Distributed Fibre Optic Sensing for CO2 Injection Monitoring
Reprinted with kind permission from Digital Energy Journal and shared in the September Issue of SubTel Forum Magazine
September 23, 2022
Fibre optic cable-based sensing can be used for multiple areas of CO2 storage monitoring, including monitoring CO2 injection into the well, monitoring where the CO2 plume goes, induced seismicity and temperature effects.
Fibre optic cable-based acoustic sensing, technical name ‘Distributed Acoustic Sensing’ (DAS), can be very useful in CO2 storage. It can be used to better understand the storage site before injection starts, to monitor the injection and check for leaks in the well, to make seismic surveys of the whole storage area and monitor the progress of the CO2 plume deep below the surface, to listen for ‘induced seismicity’ which could be indicative of movement of CO2 outside the storage area, and to monitor for deformation of the well.

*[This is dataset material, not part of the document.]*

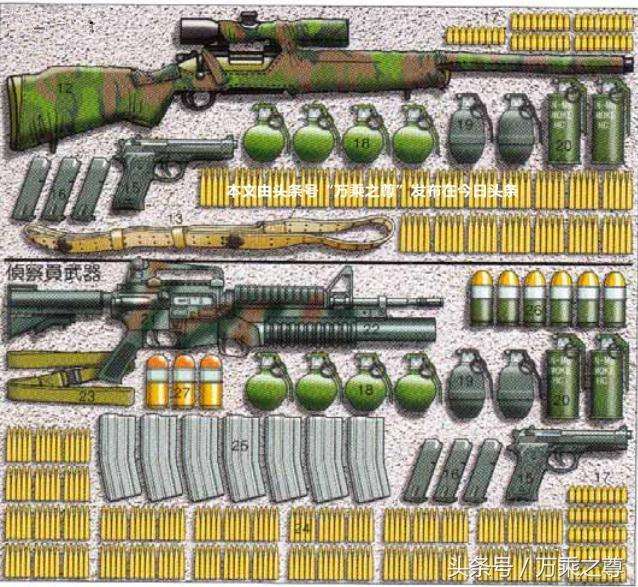 *击狙**手出一次任必须带的东西多到你不可想象，和电影完全不同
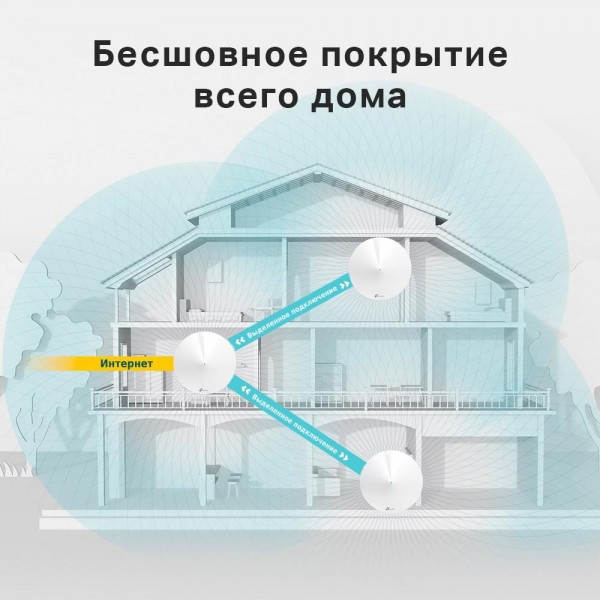 TP-Link Mesh-модуль AC1300 TP-Link Mesh-модуль AC1300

Anna Stork, senior geophysicist with Silixa, a company which provides the technology, explained how it is used, speaking at a Finding Petroleum forum in London in May.
Silixa’s DAS instrumentation have and are being used in CCS projects and research in Canada, USA, Iceland, Spain, Norway, Italy, Turkey, Australia, South Korea and Japan, she said. For some projects Silixa provides equipment; for other projects the company also provides data collection and analysis services.
The systems are used at the Otway Project in Australia, a CCS research site. At Otway, Silixa has 40 km of DAS cable installed in 5 different wells, put in place over 2014-2020.
After only 580 tonnes of CO2 had been injected, it was possible to identify the CO2 plume on 2D seismic images, with seismic data captured using the DAS systems.
“We were able to track very quickly, and with great detail, the movement of the CO2,” she said.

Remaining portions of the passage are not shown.